How to complete this task.
The lines below, from the one holding "AWS AI service tiers" through the final line, are to be copied exactly, with no other lines and no pictures.

Available records.

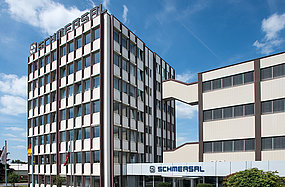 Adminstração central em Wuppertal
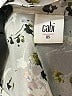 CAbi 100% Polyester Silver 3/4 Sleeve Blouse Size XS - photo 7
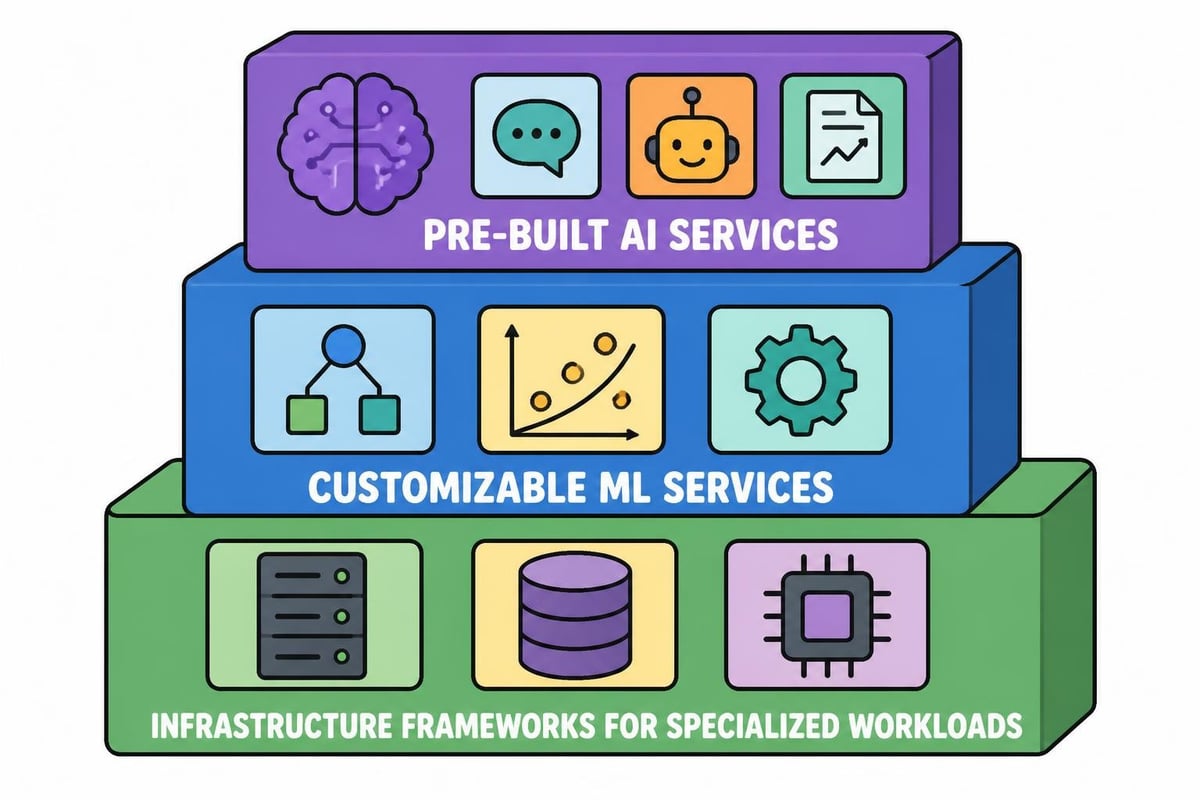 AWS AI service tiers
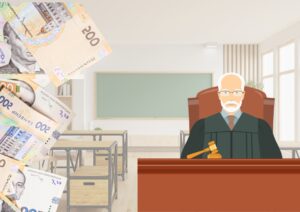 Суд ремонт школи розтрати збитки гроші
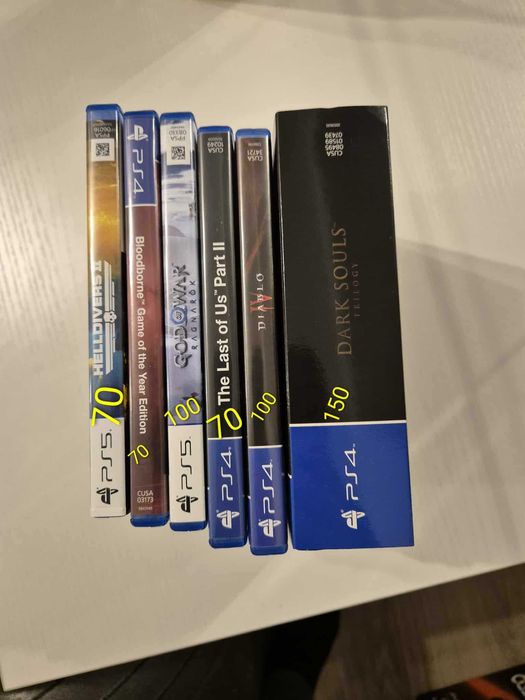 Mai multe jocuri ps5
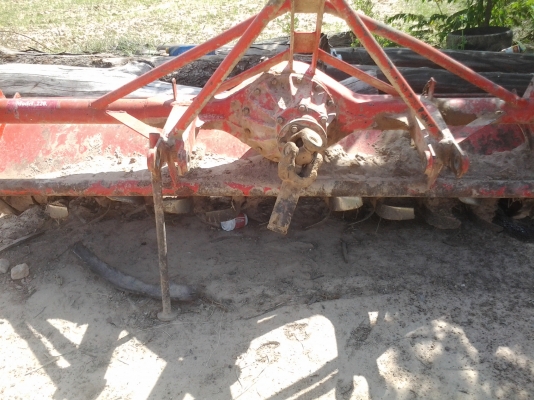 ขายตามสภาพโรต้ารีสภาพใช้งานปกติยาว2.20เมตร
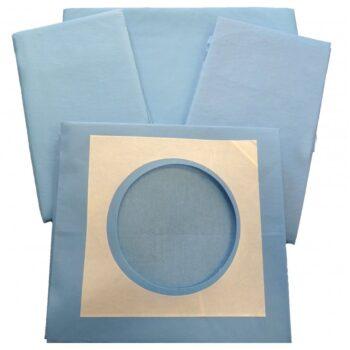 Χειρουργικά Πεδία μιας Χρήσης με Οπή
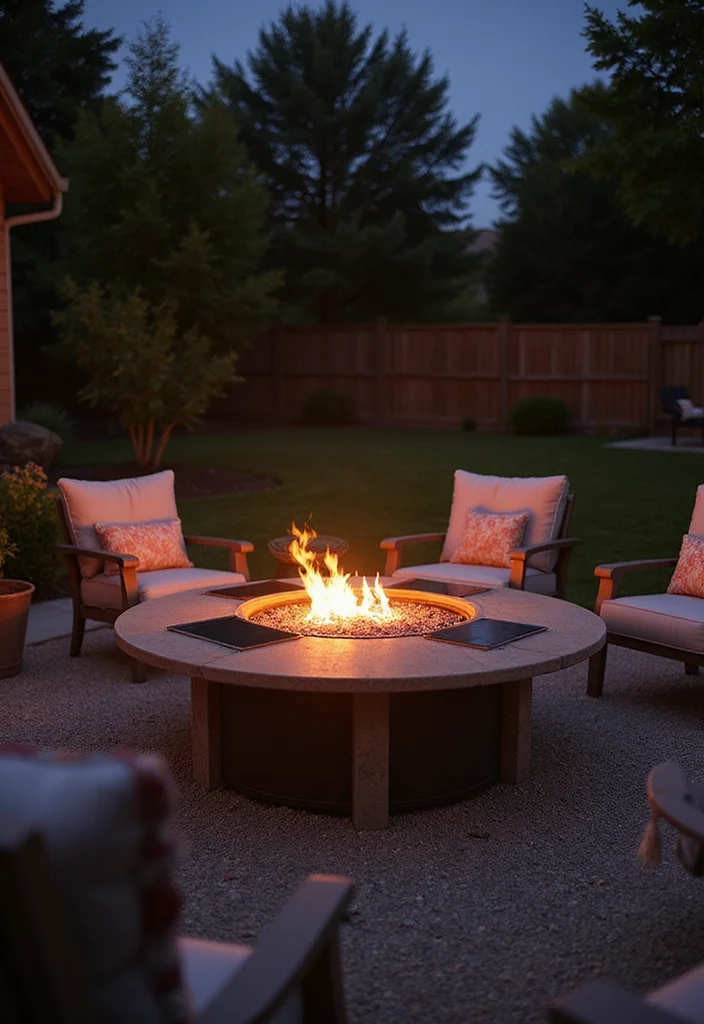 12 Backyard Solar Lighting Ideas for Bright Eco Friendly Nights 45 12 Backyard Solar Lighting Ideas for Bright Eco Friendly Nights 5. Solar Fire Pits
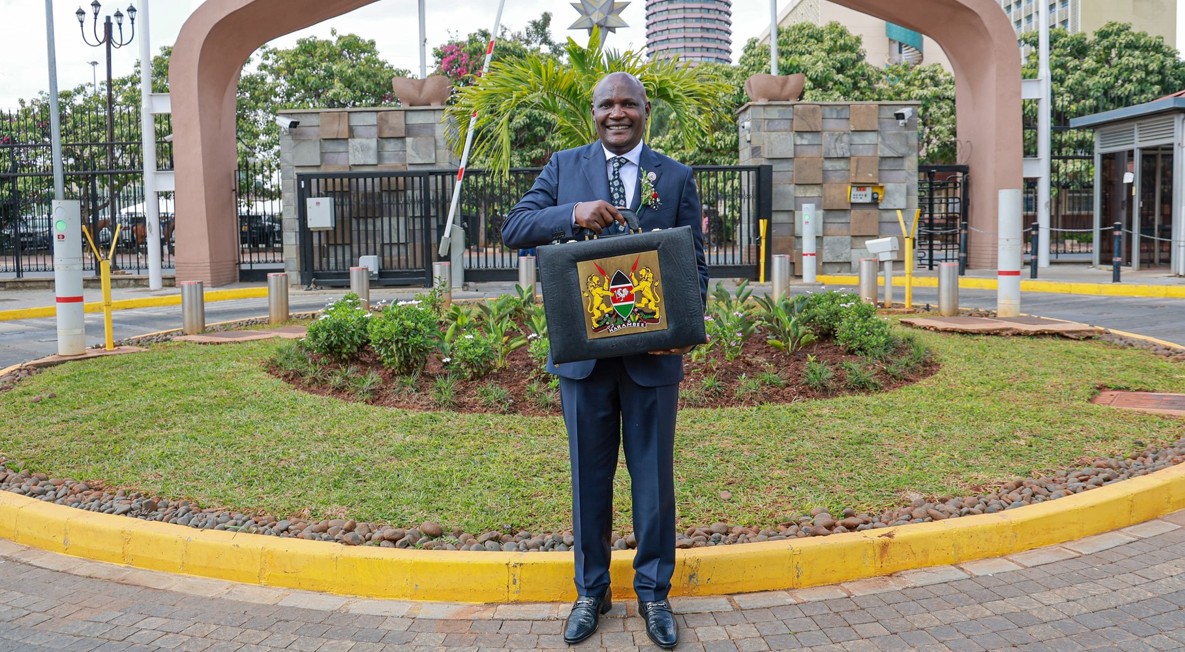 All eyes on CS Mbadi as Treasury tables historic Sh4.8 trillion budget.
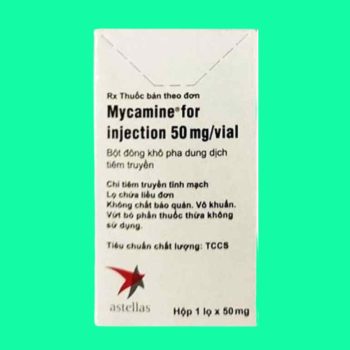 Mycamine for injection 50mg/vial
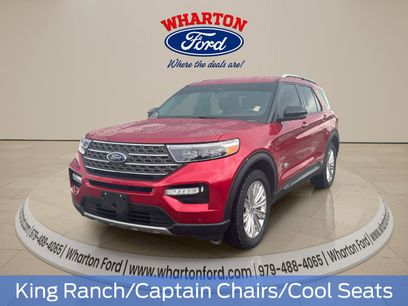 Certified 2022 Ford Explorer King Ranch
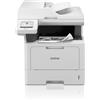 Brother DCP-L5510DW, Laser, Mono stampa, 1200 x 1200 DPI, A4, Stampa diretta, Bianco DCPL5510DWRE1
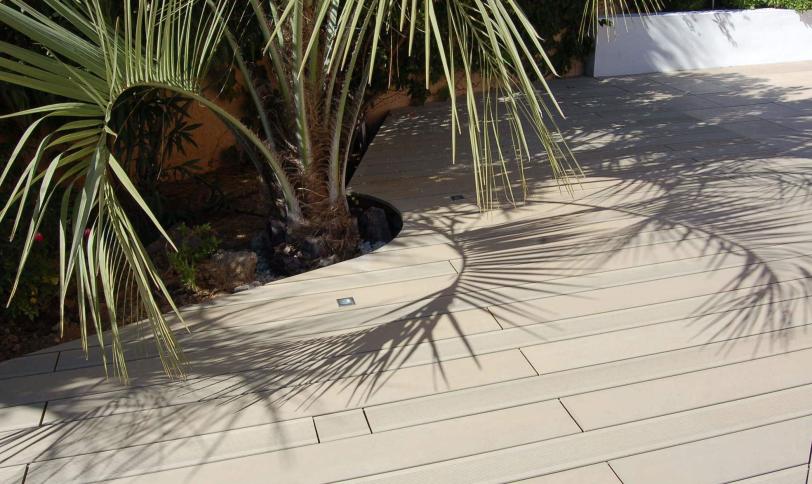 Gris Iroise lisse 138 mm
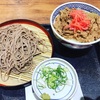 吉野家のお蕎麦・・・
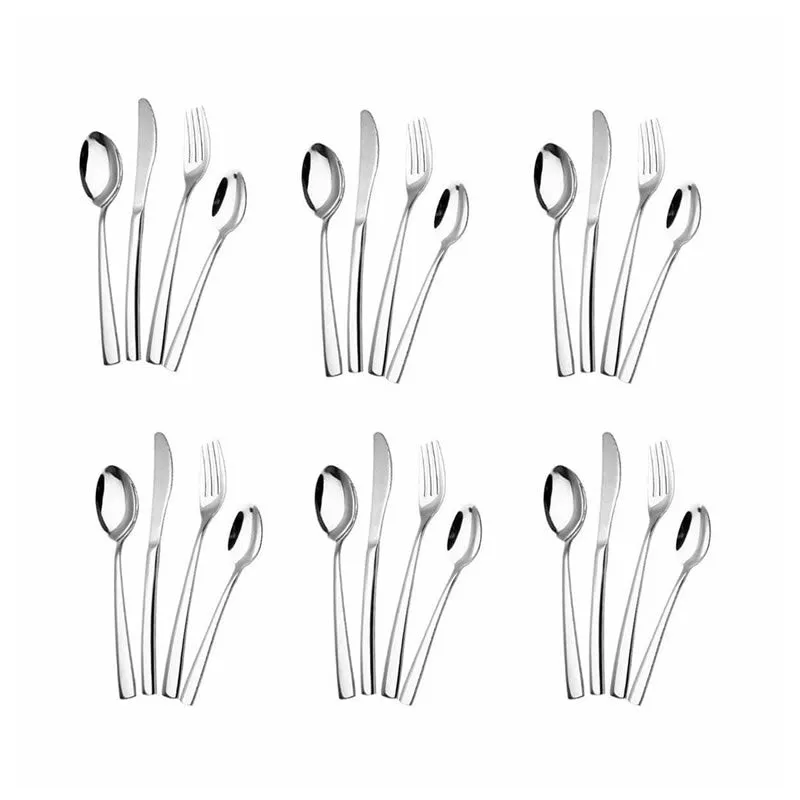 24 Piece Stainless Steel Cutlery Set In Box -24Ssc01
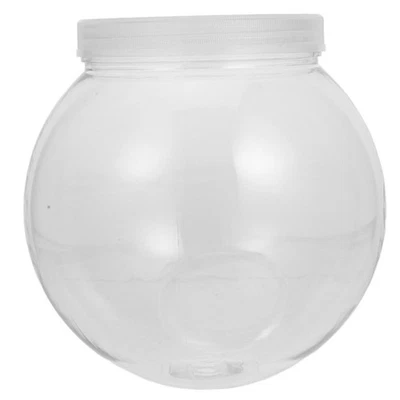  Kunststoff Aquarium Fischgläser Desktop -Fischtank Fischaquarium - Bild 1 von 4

Solution.
 AWS AI service tiers
 Суд ремонт школи розтрати збитки гроші
 Mai multe jocuri ps5
 ขายตามสภาพโรต้ารีสภาพใช้งานปกติยาว2.20เมตร
 Χειρουργικά Πεδία μιας Χρήσης με Οπή
 12 Backyard Solar Lighting Ideas for Bright Eco Friendly Nights 45 12 Backyard Solar Lighting Ideas for Bright Eco Friendly Nights 5. Solar Fire Pits
 All eyes on CS Mbadi as Treasury tables historic Sh4.8 trillion budget.
 Mycamine for injection 50mg/vial
 Certified 2022 Ford Explorer King Ranch
 Brother DCP-L5510DW, Laser, Mono stampa, 1200 x 1200 DPI, A4, Stampa diretta, Bianco DCPL5510DWRE1
 Gris Iroise lisse 138 mm
 吉野家のお蕎麦・・・
 24 Piece Stainless Steel Cutlery Set In Box -24Ssc01
  Kunststoff Aquarium Fischgläser Desktop -Fischtank Fischaquarium - Bild 1 von 4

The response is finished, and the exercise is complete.